Selon les Nations unies, plus d’une centaine de personnes, incluant une demi-douzaine d’enfants, ont été tuées samedi, le plus important total enregistré depuis le début des manifestations.

Le Rapporteur spécial sur la situation des droits de la personne en Birmanie, Tom Andrews, a accusé les forces de sécurité birmanes de commettre « un meurtre de masse » dans le pays asiatique.

Parmi les victimes de la répression samedi figurait notamment un vendeur ambulant qui agissait comme vigile dans un quartier de la ville de Mandalay.

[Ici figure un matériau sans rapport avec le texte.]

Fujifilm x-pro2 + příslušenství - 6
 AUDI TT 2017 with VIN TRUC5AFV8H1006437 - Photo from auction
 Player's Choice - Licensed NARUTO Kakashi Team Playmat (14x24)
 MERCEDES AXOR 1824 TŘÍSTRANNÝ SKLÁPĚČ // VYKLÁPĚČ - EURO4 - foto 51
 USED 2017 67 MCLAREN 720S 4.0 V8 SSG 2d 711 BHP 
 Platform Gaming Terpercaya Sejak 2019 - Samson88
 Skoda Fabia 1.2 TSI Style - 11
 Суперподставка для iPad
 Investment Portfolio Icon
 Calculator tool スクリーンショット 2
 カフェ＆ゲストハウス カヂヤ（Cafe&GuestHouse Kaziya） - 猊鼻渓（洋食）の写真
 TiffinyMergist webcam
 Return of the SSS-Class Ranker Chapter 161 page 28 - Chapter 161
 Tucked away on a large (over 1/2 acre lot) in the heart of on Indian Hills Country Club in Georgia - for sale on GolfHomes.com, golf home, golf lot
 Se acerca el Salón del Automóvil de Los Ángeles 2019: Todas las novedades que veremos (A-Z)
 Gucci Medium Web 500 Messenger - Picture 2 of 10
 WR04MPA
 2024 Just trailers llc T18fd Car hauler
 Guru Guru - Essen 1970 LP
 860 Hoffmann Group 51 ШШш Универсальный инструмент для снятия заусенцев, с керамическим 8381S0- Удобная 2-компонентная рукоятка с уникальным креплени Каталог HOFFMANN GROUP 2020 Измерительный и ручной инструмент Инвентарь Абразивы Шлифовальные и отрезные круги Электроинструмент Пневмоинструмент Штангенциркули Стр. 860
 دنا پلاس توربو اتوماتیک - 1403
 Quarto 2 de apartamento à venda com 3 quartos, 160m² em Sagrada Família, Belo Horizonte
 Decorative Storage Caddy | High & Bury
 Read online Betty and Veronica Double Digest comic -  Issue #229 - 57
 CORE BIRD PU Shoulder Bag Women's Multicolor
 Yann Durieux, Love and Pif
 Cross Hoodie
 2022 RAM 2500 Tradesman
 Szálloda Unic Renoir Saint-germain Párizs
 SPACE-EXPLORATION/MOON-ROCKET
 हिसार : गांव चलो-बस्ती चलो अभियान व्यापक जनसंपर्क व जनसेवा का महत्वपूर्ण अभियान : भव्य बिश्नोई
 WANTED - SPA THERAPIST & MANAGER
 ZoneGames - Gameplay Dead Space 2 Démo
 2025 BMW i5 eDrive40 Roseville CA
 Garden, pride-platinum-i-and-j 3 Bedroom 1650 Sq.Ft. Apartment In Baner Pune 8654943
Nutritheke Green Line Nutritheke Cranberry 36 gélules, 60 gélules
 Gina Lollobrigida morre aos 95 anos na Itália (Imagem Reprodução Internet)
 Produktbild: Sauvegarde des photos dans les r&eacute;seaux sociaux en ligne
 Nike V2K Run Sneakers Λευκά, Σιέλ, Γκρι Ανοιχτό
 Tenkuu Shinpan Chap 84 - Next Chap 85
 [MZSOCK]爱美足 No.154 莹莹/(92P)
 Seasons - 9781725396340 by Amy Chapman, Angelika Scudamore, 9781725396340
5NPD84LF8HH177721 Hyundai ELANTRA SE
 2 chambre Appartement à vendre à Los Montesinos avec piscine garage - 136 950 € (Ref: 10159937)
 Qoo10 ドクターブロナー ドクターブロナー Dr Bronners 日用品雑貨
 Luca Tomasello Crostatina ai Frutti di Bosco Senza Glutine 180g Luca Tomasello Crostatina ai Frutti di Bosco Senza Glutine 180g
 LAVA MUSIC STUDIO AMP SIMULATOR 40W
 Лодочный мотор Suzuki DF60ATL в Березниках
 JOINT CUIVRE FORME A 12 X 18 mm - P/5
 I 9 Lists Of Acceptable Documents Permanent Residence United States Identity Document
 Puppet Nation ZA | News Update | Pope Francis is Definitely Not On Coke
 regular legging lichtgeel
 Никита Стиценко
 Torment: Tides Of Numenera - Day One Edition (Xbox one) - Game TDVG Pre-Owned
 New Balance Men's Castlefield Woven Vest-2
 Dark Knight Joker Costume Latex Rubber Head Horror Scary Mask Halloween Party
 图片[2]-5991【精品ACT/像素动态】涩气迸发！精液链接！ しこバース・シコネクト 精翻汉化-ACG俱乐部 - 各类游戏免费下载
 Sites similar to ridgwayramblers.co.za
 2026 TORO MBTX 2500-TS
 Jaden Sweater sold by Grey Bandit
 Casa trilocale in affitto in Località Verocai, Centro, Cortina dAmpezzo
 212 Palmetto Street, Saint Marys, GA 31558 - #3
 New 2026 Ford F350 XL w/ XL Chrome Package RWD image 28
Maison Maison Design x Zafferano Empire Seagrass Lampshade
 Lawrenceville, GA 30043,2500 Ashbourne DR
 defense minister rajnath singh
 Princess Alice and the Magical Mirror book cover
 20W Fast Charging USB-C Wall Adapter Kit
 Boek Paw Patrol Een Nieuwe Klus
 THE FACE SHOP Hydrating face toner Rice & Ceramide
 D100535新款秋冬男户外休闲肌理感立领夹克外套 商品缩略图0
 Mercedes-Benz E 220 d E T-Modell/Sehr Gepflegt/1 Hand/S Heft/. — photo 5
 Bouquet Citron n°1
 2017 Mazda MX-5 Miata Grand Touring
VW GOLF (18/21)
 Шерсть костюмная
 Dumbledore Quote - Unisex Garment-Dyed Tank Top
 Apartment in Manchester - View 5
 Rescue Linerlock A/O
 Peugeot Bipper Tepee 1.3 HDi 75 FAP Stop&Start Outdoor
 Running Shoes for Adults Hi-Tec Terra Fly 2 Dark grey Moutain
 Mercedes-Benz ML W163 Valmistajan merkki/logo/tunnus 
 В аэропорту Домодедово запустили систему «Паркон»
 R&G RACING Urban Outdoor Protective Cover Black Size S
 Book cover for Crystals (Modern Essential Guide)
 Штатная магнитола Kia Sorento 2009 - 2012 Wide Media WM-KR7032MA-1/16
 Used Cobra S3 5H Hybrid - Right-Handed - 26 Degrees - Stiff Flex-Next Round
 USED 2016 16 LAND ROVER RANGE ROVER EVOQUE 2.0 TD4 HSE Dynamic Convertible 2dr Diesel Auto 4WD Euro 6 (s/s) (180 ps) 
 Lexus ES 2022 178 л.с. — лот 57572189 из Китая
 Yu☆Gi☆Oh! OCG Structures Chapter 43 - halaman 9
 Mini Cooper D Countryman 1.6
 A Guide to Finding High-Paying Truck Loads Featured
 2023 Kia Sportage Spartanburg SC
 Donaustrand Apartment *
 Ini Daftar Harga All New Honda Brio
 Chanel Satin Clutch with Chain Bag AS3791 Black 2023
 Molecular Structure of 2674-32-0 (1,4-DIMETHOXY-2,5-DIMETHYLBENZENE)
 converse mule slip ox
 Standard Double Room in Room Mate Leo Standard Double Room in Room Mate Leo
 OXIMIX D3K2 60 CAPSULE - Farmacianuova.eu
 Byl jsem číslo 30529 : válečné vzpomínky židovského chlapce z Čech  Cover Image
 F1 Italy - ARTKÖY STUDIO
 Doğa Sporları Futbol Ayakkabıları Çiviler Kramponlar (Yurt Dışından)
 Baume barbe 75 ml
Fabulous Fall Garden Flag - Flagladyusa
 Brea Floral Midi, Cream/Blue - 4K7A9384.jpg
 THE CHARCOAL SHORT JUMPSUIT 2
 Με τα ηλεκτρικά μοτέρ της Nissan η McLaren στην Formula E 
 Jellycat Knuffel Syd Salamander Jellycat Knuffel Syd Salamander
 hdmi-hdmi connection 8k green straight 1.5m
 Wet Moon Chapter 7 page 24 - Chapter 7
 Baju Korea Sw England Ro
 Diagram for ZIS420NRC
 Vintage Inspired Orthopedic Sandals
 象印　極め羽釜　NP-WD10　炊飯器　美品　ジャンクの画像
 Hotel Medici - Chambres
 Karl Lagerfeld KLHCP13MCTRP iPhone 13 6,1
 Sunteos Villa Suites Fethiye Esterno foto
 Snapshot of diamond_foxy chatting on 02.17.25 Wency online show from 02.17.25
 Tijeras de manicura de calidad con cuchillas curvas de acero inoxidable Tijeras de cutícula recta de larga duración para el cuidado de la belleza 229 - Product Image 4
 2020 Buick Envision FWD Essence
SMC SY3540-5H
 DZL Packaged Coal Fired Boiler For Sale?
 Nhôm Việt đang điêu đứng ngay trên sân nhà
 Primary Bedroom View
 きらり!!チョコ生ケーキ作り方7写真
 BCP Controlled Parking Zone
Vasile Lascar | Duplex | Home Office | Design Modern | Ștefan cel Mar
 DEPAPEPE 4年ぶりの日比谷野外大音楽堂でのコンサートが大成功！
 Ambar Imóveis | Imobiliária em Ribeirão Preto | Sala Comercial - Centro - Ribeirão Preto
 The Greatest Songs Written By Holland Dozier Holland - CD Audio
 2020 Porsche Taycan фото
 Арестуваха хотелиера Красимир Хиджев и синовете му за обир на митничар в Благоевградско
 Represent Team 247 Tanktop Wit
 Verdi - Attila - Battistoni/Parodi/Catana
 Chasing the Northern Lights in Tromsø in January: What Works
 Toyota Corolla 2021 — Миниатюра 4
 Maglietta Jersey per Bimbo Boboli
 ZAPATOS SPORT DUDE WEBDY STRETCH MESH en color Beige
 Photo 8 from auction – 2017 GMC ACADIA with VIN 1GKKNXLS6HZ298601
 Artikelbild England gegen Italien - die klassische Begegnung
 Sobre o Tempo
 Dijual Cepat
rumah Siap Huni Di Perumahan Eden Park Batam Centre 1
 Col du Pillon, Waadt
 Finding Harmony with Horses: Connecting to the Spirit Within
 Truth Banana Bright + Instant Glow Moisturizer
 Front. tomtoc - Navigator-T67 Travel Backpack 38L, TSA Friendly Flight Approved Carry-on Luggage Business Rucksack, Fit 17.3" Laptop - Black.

Des médias locaux rapportent que l’homme de 40 ans, père de quatre enfants, a été grièvement blessé par balle lors d’un raid des militaires, qui l’ont ensuite traîné jusqu’à une pile de pneus en feu pour le brûler.

PHOTO FACEBOOK/AGENCE FRANCE-PRESSE

Cette photo publiée lundi sur Facebook provenant d’une source anonyme montre des funérailles conjointes de trois manifestants à Monywa, en Birmanie, abattus lors de la répression d’une manifestation contre le coup d’État militaire.

Des morts par centaines

M. Rancourt note que ce type d’acte de cruauté vise à terroriser la population, qui continue de prendre la rue même si plus de 450 personnes ont été tuées et plus de 2500 autres ont été emprisonnées, selon une organisation locale de défense des prisonniers politiques.

Il n’y a pas vraiment de nouvelles variables qui permettent de penser que la répression va s’arrêter. Je ne suis pas très optimiste pour la suite des choses.

Jean-François Rancourt, spécialiste de la Birmanie rattaché à l’Université de Montréal

La junte, qui a renversé le gouvernement civil de l’ex-récipiendaire du prix Nobel de la paix Aung San Suu Kyi, se défend d’user d’une force excessive et prétend être forcée d’agir pour empêcher des « terroristes » de déstabiliser le pays.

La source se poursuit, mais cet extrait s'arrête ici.